The flap swirling around the Apple iPhone 4 antenna and Steve Jobs' defense of the device may have delayed a long-rumored move to Verizon Wireless, according to an analyst.
Many analysts and press reports have the iPhone as a lock coming to Verizon Wireless in the first quarter of 2011. But Piper Jaffray analyst Christopher Larsen says the Verizon-iPhone connection may not be that strong following antennagate---or whatever you want to call it (all iPhone coverage, Apple video sans press Q&A).
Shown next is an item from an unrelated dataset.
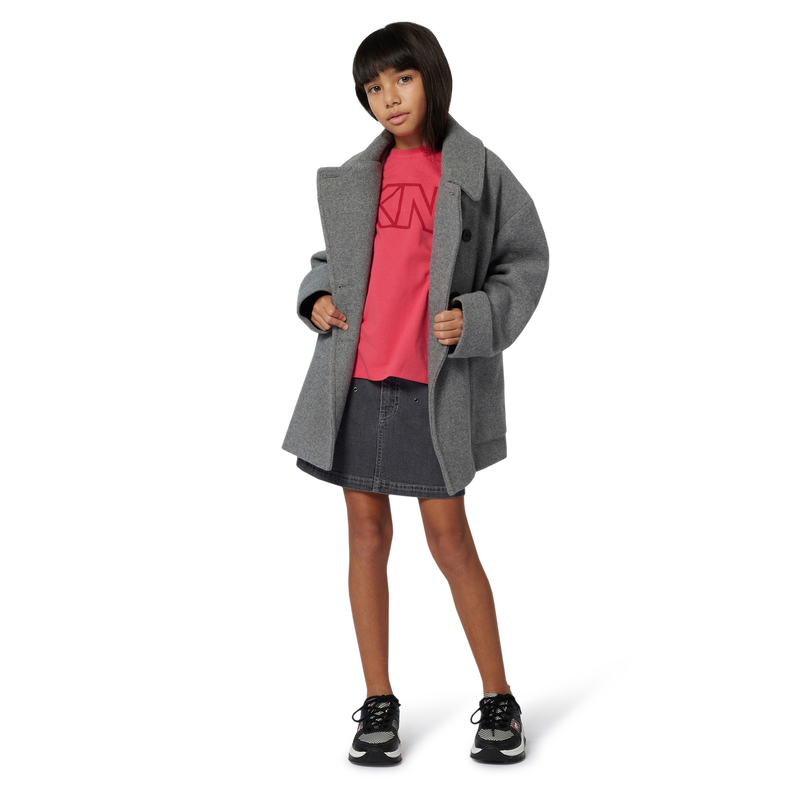 Short-sleeved T-shirt DKNY 
                        GIRL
Larsen handicaps the carrier reaction to Apple's iPhone 4 defense on Friday. In a nutshell, Apple's performance was good for AT&T since it deflected attention from the carrier's network. For Verizon Wireless, Apple's performance may give it pause before adding the iPhone to its lineup. Larsen writes in a research note:
For AT&T, we think all the attention on Apple has actually relieved some network image pressure, but, the bigger telecom impact from this fiasco could be on Verizon customers waiting for their own device.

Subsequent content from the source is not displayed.